-
Categories
-
Pharmaceutical Intermediates
-
Active Pharmaceutical Ingredients
-
Food Additives
- Industrial Coatings
- Agrochemicals
- Dyes and Pigments
- Surfactant
- Flavors and Fragrances
- Chemical Reagents
- Catalyst and Auxiliary
- Natural Products
- Inorganic Chemistry
-
Organic Chemistry
-
Biochemical Engineering
- Analytical Chemistry
-
Cosmetic Ingredient
- Water Treatment Chemical
-
Pharmaceutical Intermediates
Promotion
ECHEMI Mall
Wholesale
Weekly Price
Exhibition
News
-
Trade Service
The synthesis of 2,7-dibromo-9,9'-spiro-bifluorene is an important process in the chemical industry, as this compound is used in a variety of applications, including as a polymerization initiator, a photosensitizer in photovoltaic cells, and as a fluorescent whitening agent in textiles and papers.

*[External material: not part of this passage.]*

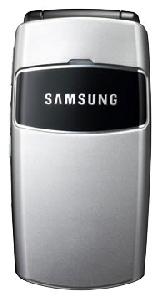携帯電話 Samsung SGH-X200 写真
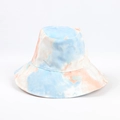 Détail d'un bob tie-dye coloré aux motifs aquarelle bleu et orange éclatants - Bleu Orange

There are several synthetic routes to 2,7-dibromo-9,9'-spiro-bifluorene that have been developed over the years.
One of the most common methods involves the reaction of 2,3-dibromopropene with 2,3-dibromopryene in the presence of a phase transfer catalyst, such as benzenesulfonic acid.
This reaction results in the formation of a mixture of the desired product and various byproducts, which must be separated and purified before use.
Another synthetic route involves the reaction of 9,9'-spiro-fluorene-2,7-diyl dichloride with 2-bromomethyl-6-chloro-1,3,3-trimethylindane in the presence of a base, such as potassium hydroxide.
This reaction results in the formation of the desired product, along with some unwanted side products that must be removed through purification.
A third synthetic route involves the reaction of 2,2-dimethyl-7,8-dibromo-7,8-dihydro-spirobenzofuran with 9,9'-spiro-fluorene-2,7-diyl iodide in the presence of a Lewis acid catalyst, such as aluminum chloride.
This reaction results in the formation of the desired product, along with some unwanted side products that must be removed through purification.
Once the desired 2,7-dibromo-9,9'-spiro-bifluorene has been synthesized, it can be further purified and characterized through a variety of techniques, including nuclear magnetic resonance (NMR) spectroscopy, high-performance liquid chromatography (HPLC), and mass spectrometry.
The resulting product must meet certain purity and quality standards before it can be used in its desired applications.
Overall, the synthetic routes to 2,7-dibromo-9,9'-spiro-bifluorene are varied and include several methods that have been developed over the years.
Each route has its own advantages and disadvantages, and the selection of the appropriate route will depend on factors such as the desired yield, the purity of the final product, and the cost of the synthesis.
The continued development of new synthetic methods and the optimization of existing methods will continue to be important in the chemical industry as the demand for 2,7-dibromo-9,9'-spiro-bifluorene and other chemical compounds continues to grow.